Questions about accent insensitivity in SQL Server (Latin1_General_CI_AS)

Brett Postin picture Brett Postin · Jan 25, 2013 · Viewed 8.8k times · Source

All our databases were installed using the default collation (Latin1_General_CI_AS).

We plan to change the collation to allow clients to search the database with accent insensitivity.

Questions:

  1. What are the negatives (if any) of having an accent insensitive database?

  2. Are there any performance overheads for an accent insensitive database?

  3. Why is the default for SQL Server collation accent sensitive; why would anyone want accent sensitive by default?

Answer

Ben picture Ben · Jan 25, 2013

Seriously, changing database collations is a royal pain. See this HOWTO from codeproject, and then think hard before you do it! This is the EASY way!
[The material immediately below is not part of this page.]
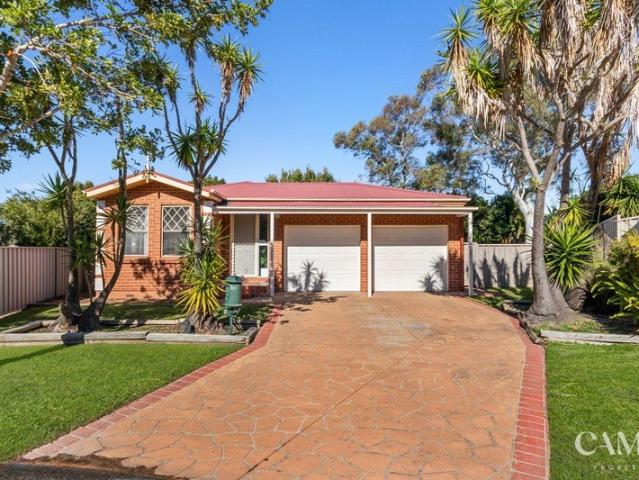 Low Maintenance Living in Sought After Pacific Lakes Estate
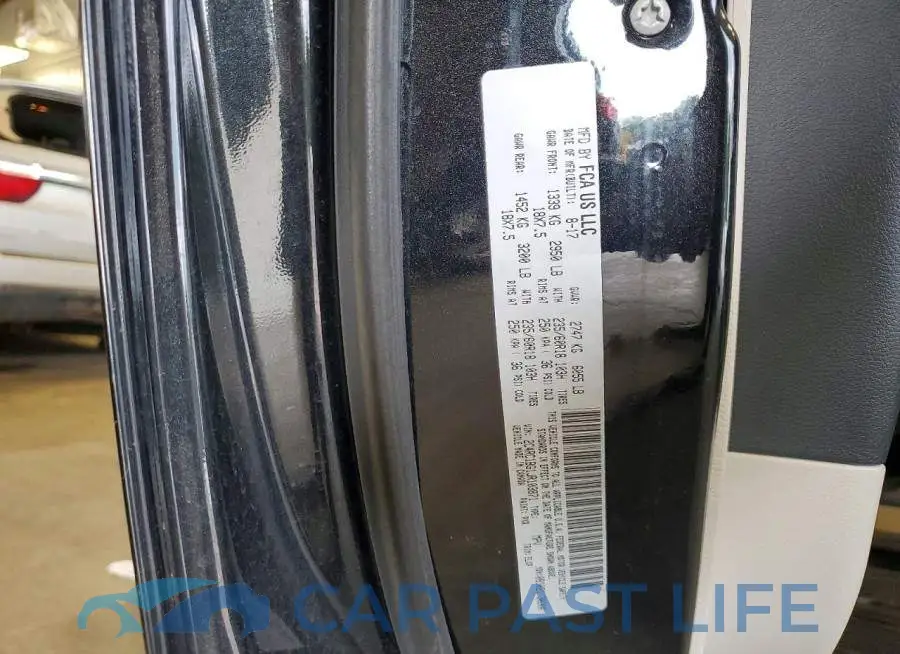 2C4RC1BG1JR103871# 13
Firstly, you can permit searches of the database with accent insensitivity simply by specifying that as part of the search, you don't necessarily have to change the collation.

 select * from TableName
 where name collate Latin1_General_CI_AI like @parameter

Simple as. However, this will hurt the indexes.

An alternative is to supply a calculated field which you can index separately.

    create table TableName(
    ix int identity primary key,
    name nvarchar(20) collate latin1_general_ci_as
    )
    go
    alter table TableName
    add  name_AI as name collate latin1_general_CI_AI
    go
    create index IX_TableName_name_AI
    on dbo.TableName(name_AI)

The example above puts it in the table, but you could just as well create an indexed view.

    create view dbo.TableName_AI
    with schemabinding
    as 
    select ix,
    name collate Latin1_general_CI_AI as name
    from dbo.TableName
    go
    -- Need a unique clustered index first
    create unique clustered index IX_TableName_AI_Clustered on dbo.TableName_AI(ix)
    -- then the index for searching
    create index IX_TableName_AI_name on dbo.TableName_AI(name)

Then, for accent-insensitive searches, use the view TableName_AI.

To answer your specific questions:

  1. In an accent insensitive database, accent sensitive searches will be slower.

  2. Yes, but not so you would notice

  3. It just is. Something has to be the default: If you don't like it don't use the default!

    Think of it this way: "Hard" and "Herd" are not the same word. That one vowel difference is enough - even though they sound similar.

    An accent difference (a vs. á) is somewhere between a case difference (A vs. a), and a letter difference (a vs e). You have to draw the line somewhere.

    An accent affects the sound of the word and can make it have a different meaning, though I struggle to think of examples. I guess it makes more sense to someone who has words in their database in a language which makes use of accents.